Rating:  Summary: Superb Review: For anyone who, like me, is an outsider, but is fascinated by Los Angeles and California, this is a must-read. I read it before a recent California trip, and felt my journey was enriched for it.
Rating:  Summary: Amazing Review: I had to read this collection for a college course over 6 years ago...I've held this book close to my heart ever since. Didion's writing style is pure and uncluttered, cutting directly to the bone. All the essays are wonderful, but "Goodbye to All That," about the author's young adulthood in New York, is worth the price of the entire collection on its own.
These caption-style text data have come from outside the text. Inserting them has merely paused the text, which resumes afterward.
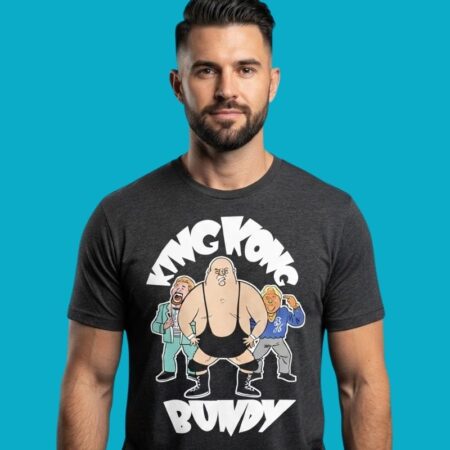 King Kong Bundy Wrestling Legend Tee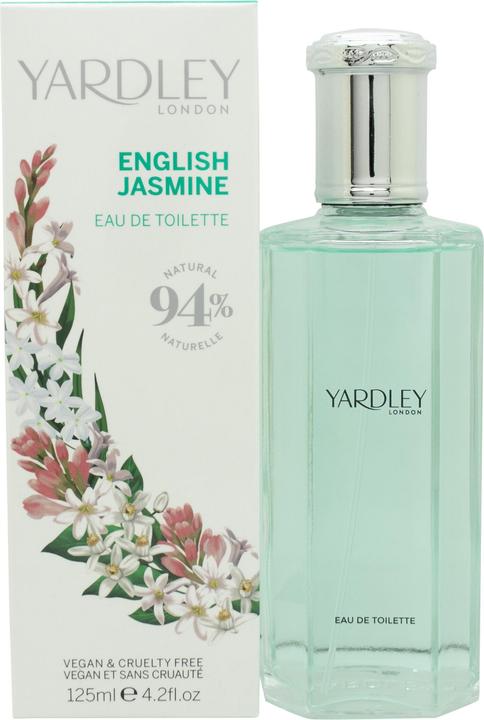Yardley London English Jasmine Eau de Toilette 125ml Parfüm für Frauen (Eau de Toilette, 125 ml)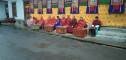 Lams & Honorable MP receiving Zhabdrung's Thongdrol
Rating:  Summary: America's finest essayist, at her finest Review: I have owned several copies of this book, and have given away more copies than I can count. It's a book I come back to, at least once a year since 1980, when I first read it. It seems to me to be better and better each time. The times it's about may be long gone, but the issues at the heart of these essays haven't changed much at all. Much has been made of Didion's take on California, and this book is laden with essays about the place, and the people, and a particular time that - as other reviewers here have noted - has a different resonance in popular culture than the one she presents here. Didion herself recently professed some alarm at the idea that she is an expert on the place (in 'Where I Was From'), but there's no doubt that she's provided more food for thought about contemporary culture than almost anyone else. But the real strength of her writing is in her prose style, in which not a single sentence is sloppy, or ill-considered. Her style is distinctive, but it's not just for show. There are other fine essayists working today, but few are as disciplined and considered as Didion in the way they write. It's probably a toss-up as to whether this book or 'The White Album' is a better place to start with Didion's work. I think 'The White Album' is a more cohesive collection, but there are better individual essays in 'Slouching', including the sublime essays in the 'Personals' section. And chances are that once you've read one, you'll read the other, and in that case it makes sense to start with the earlier collection, which is this one.